Upgraded display

Dell sells some pretty nice monitors. Just picked up a nice UltraSharp 27-inch display. Great color accuracy and good build quality. The old 20″ Apple Cinema Display (with the old ADC connector) is now retired after close to 10 years of use. It might get used as a 2nd monitor, but there’s not enough desk now at this point. And some people will ask “Why not a 4K monitor?”. Two reasons. Expensive, and I don’t “need” 4K for anything right now or in the near future. It’s kind of a technology looking for a problem to solve – for me at any rate. So no 4k.

Thoughts on the Mac App store…

So I recently made some purchases through Apple’s Mac App store. Overall I think it’s a good system, particularly for those developers without strong marketing and distribution channels.

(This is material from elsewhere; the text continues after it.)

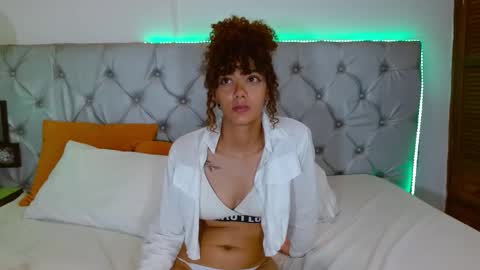 Eliza Moreau online show from February 13, 5:49 pm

The net benefit for the world is positive, although I wouldn’t want app stores like this to be the only way of buying and distributing software.

Here’s a quick list of pros and cons, followed up with my “huh…this could change everything” realization.

Pros:
– Purchases are amazingly easy and generally painless.
– instant gratification (click, purchase, download, and go)
– easy to keep apps up to date
– curated experience means good exposure to new/useful apps while (so far) keeping malware out
– App Stores – not just the Mac App store – provide economic impetus to develop for the Apple ecosystem, meaning more cool apps for Mac OS/iOS

Mixed:
– walled garden – it’s nice and pretty, but sometimes you want to break out…

Cons:
– the store is difficult to search
– for a “curated” experience, the store still has a lot of “this passed review?” kind of apps
– broadband is a necessity, particularly for larger apps

And now for the “this can change everything” realization. So most software licenses basically tie the software to a machine, device, and sometimes even by CPU. Under the App Store, once you purchase software, it is licensed to your App store user account. This means you buy software once and can use it anywhere (after logging into the App store and installing the app under your App store user account). It’s basically a floating license (I’m looking at you, Luxology Modo). This makes perfect sense to me – the machine doesn’t matter – it’s not licensing the software. The user though…they matter a lot, they’re the ones licensing the software. I eagerly await for this licensing model to become the norm because it has the potential to change everything.